Friday, June 26, 2026

NNtG: Ghosts of Fear Street #32: Caution, Aliens at Work


It's time to check out yet another Ghosts of Fear Street. We're very close to the end of the series at this point. This one, honestly, is one I always forget exists when I look through the list of books. It's that one that makes me go "Oh right, this one". Which on occasion with these book series it can often mean a hidden gem. Or, more often than not, it's just another book in a series with much better books. Which will this book ultimately wind up as? Let's get to work as we talk about Caution: Aliens at Work.


This cover is okay. Not exactly scary by any conceivable metric though, but I do like the designs of the alien tools as they fly out of the toolbox. We get a decent "shocked kid face" from our protagonist who I could see reacting that way to a bunch of flying objects. Like with the other CG covers, this one is endearing, definitely giving off that feel of "aged poorly but still kind of neat" that a lot of old CG images have. Decent stuff.



Our protagonist, Matt Eldridge, runs into his friends Ellen Reinhold and Jeannie Franklin, who tell him that the town statue of Shadyside's legendary civil war hero has suddenly disappeared without a trace. Matt doesn't fully buy the idea of a statue just disappearing in the night, and is more focused on getting an old toaster from his friend Jill Peterson as we quickly learn that Matt likes to tinker with things. As Matt arrives, he sees something orange land into Fear Street Woods. As he arrives, he hears a loud explosion and sees signs of something blowing up, but there's no ship. In fact, the only thing Matt sees is a strange orange box. As he spots which looks to be something slimy in the woods, he grabs the box, which gives him a weird "sitting on your arm for a bit" feeling which also causes the box to be stuck to his hand and won't come off. Ah the classic alien gag of supergluing a box and letting the dumb earthling grab it. What a jape.

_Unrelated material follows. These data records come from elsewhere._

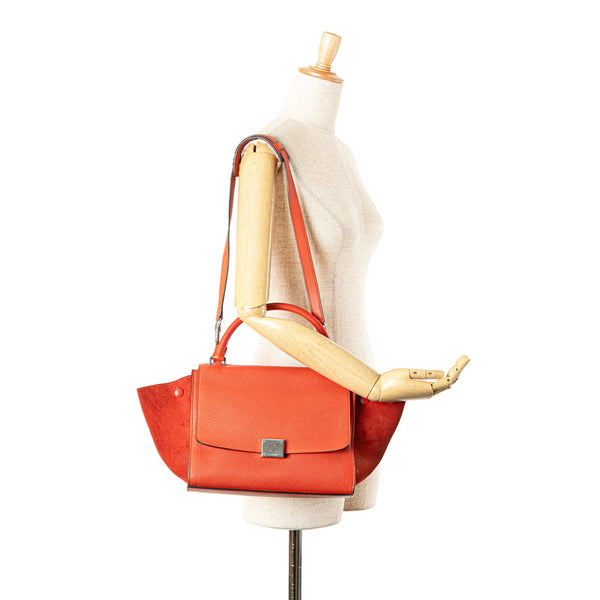 セリーヌ トラペーズ スモール ハンドバッグ ショルダーバッグ 2WAY レッド レザー レディース CELINE 【中古】
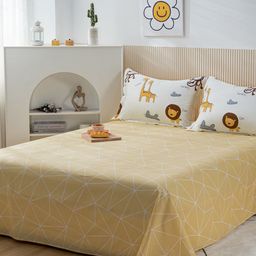 JC HOME Yellow & White Geometric 200 TC Queen Bedsheet with 2 Pillow Covers-picture-18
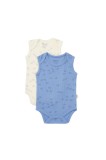 Set 2 body-uri fara maneci Printed, BabyCosy, 50% modal+50% bumbac, Ecru Lavanda (Marime: 12-18 Luni)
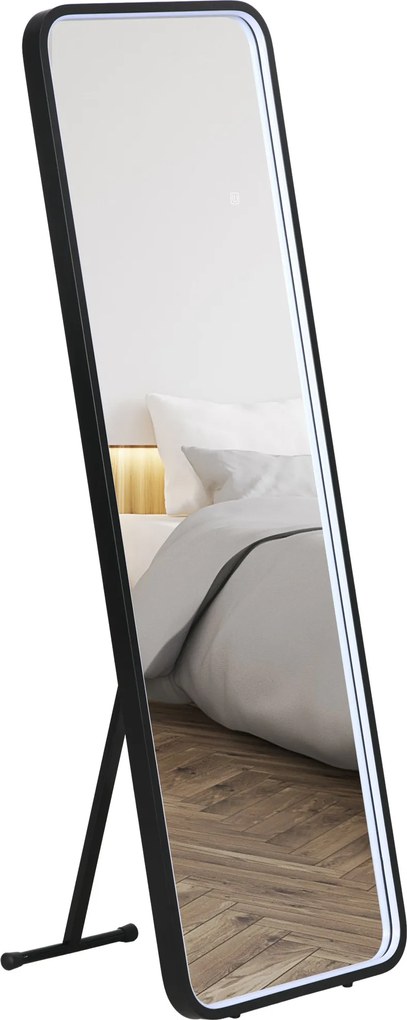 HOMCOM Oglindă corp întreg cu lumină LED Oglindă de podea 151,5x50 cm Independentă sau pentru perete cu lumină reglabilă în 3 culori | Aosom Romania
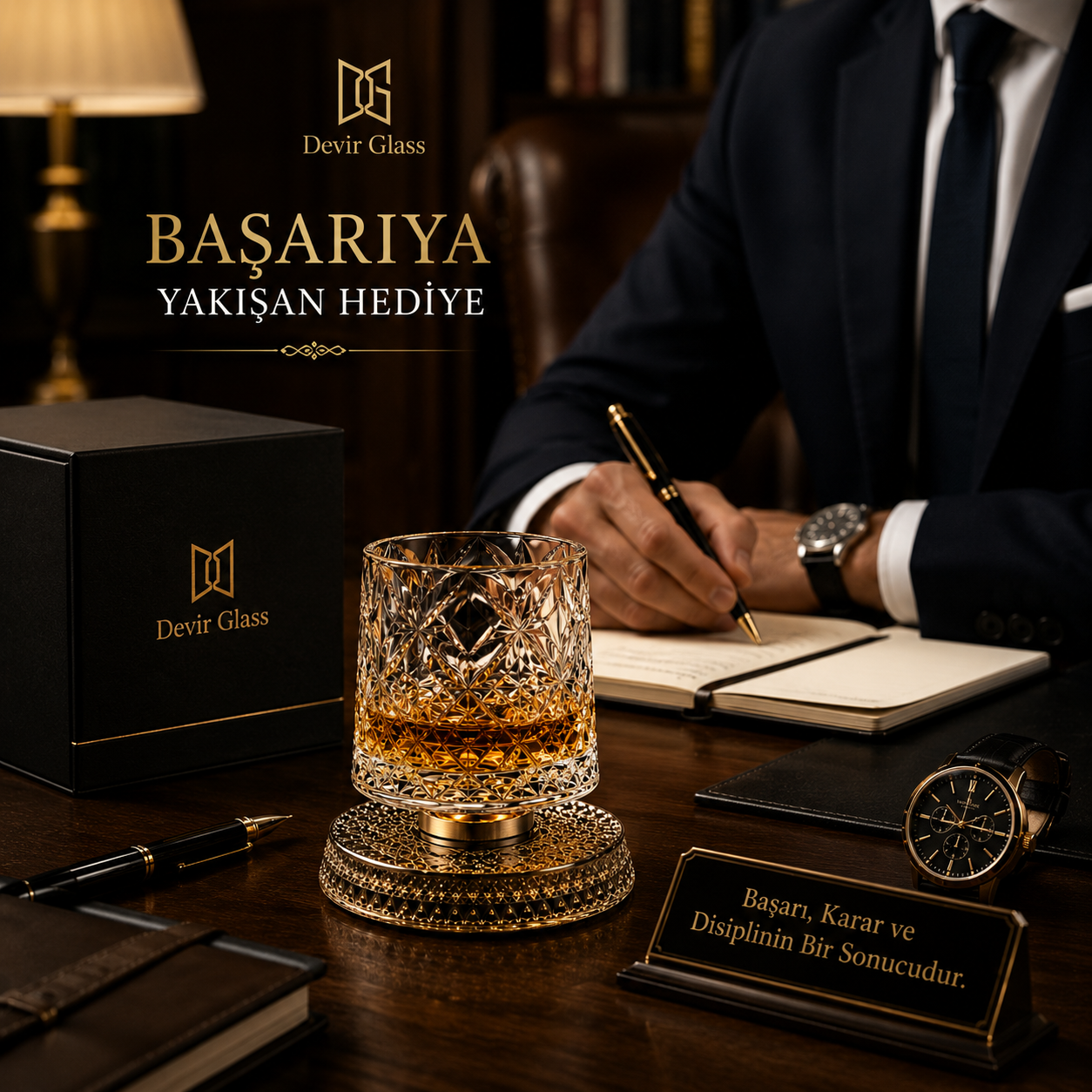 Devir Glass 360° Dönen Kristal Viski Bardağı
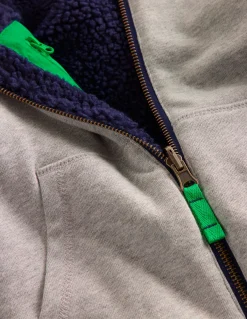 Boden Sweats|Tops & T-Shirts-Sweat à capuche réversible en borg Gris chiné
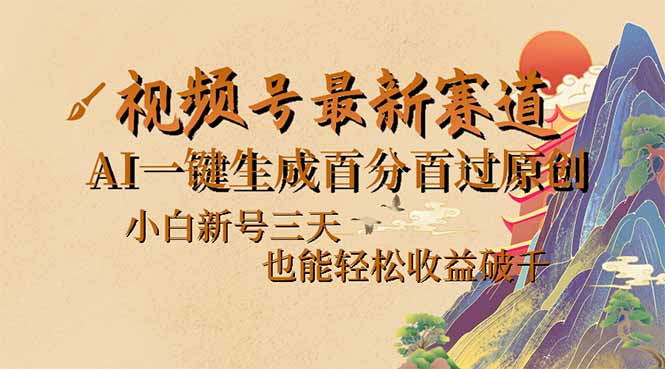 视频号最新爆火赛道，AI一键生成百分百过原创，小白新号三天，也能轻松…K叔网赚资源-网赚项目-副业赚钱-互联网创业-资源整合K叔网赚资源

Eventually the box falls off Matt's hand, and won't stick when he touches it again. He decides to head home, but because we need a story beat and he's a dumb kid, he takes the box home with him. He rushes to his room and opens the box, seeing that it's filled with stuff, more so than should fit a box that size. So a TARDIS situation. Inside are some strange objects. A weird looking pair of pliers, a flashlight with a diamond bulb, a strange remote, and something that looks like some sort of really weird rubber band. Before Matt can mess with them, Ellen shows up. Matt tells him about the tools and she immediately goes for the hammer, only to get zapped by them and nearly die. Deciding not to risk another electrocution, they tap the box with a baseball bat, only for it to emit another large spark. However, it turns out that Matt can actually touch the items. He decides to take a disk attached to a rubber band and put it on his head. It fits too well and gets stuck to his head, but there's a more interesting side effect as he can read Ellen's mind.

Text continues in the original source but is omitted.